--- Listed records Enclosed Below ---

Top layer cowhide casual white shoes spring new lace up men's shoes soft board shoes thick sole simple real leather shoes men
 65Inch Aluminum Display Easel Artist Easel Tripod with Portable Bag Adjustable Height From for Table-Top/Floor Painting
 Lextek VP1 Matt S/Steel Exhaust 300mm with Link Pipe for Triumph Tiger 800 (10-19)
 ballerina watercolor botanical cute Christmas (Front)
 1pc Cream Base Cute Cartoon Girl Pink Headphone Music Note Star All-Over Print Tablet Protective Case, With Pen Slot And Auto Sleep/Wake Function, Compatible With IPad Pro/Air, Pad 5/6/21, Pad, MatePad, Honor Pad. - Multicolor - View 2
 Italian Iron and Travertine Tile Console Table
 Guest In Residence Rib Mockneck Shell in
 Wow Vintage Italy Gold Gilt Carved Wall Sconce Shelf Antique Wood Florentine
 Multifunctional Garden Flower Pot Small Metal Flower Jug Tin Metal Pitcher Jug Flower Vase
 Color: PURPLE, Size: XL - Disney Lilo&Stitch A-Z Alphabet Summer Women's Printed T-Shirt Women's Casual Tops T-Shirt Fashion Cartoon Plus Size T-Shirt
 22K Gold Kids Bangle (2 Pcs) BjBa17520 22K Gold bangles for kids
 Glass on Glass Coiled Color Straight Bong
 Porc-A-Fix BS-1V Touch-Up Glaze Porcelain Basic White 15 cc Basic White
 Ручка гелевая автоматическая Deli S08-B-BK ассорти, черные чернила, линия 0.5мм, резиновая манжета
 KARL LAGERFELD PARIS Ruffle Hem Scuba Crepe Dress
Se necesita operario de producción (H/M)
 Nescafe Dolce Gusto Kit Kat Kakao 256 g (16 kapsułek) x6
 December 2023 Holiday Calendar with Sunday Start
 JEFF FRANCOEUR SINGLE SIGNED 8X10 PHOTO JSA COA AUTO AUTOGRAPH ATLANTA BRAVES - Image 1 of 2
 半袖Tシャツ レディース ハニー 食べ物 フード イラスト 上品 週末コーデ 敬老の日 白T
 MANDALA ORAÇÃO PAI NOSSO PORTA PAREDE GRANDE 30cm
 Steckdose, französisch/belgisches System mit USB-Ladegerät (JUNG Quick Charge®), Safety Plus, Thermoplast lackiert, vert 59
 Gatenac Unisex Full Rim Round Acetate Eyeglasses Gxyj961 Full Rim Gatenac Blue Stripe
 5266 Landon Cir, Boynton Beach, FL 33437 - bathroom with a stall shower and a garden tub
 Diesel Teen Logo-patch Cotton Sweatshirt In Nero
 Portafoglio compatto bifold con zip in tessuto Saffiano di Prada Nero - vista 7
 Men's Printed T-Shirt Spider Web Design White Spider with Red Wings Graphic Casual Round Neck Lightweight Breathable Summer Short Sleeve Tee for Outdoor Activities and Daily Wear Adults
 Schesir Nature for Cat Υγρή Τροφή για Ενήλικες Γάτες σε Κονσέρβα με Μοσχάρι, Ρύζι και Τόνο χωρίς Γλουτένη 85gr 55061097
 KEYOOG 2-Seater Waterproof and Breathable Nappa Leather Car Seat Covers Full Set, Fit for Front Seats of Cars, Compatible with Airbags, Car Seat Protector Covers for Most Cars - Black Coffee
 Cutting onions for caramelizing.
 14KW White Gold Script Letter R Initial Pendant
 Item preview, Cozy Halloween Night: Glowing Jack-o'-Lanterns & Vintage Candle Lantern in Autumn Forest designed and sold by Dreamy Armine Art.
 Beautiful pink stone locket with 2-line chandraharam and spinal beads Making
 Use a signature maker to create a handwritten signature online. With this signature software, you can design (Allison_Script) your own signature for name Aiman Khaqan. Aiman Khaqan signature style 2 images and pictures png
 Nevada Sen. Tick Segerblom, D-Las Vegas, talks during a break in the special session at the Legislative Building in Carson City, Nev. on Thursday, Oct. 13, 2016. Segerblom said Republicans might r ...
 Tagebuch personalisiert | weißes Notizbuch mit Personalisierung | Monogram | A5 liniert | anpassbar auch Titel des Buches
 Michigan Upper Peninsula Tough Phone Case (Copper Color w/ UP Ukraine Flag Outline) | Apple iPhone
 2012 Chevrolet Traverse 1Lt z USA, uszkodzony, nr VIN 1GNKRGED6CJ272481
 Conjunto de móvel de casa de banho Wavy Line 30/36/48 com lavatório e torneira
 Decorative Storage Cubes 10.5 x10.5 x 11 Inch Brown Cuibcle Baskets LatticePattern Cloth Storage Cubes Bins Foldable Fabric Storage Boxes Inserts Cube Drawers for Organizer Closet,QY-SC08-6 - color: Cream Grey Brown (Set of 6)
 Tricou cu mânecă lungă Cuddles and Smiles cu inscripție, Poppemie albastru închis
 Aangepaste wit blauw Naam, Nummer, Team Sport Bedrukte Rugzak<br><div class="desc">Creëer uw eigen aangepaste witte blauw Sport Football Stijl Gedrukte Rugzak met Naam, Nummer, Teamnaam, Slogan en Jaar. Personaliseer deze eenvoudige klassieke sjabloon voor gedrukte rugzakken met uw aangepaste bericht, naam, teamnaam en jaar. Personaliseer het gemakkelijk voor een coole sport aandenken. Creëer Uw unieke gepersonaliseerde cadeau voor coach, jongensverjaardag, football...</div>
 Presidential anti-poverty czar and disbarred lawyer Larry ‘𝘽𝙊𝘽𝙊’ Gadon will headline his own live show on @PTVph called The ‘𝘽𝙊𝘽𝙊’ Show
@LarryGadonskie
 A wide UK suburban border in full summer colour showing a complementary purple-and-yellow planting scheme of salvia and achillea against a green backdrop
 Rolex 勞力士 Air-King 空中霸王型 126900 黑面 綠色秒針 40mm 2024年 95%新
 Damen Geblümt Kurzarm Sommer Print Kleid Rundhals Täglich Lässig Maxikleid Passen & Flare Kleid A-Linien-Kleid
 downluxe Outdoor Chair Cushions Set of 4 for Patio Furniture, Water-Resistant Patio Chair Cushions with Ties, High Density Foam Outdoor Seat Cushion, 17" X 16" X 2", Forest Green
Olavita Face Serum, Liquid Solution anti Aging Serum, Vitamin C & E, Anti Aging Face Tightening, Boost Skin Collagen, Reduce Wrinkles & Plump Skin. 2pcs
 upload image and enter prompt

--- End of Enclosed Listed records ---

The task
Starting at the line with "A wide UK suburban" and ending at the line with "Rolex 勞力士 Air-King", print each line of the listing above exactly, with no other lines.

Reply to the task
 A wide UK suburban border in full summer colour showing a complementary purple-and-yellow planting scheme of salvia and achillea against a green backdrop
 Rolex 勞力士 Air-King 空中霸王型 126900 黑面 綠色秒針 40mm 2024年 95%新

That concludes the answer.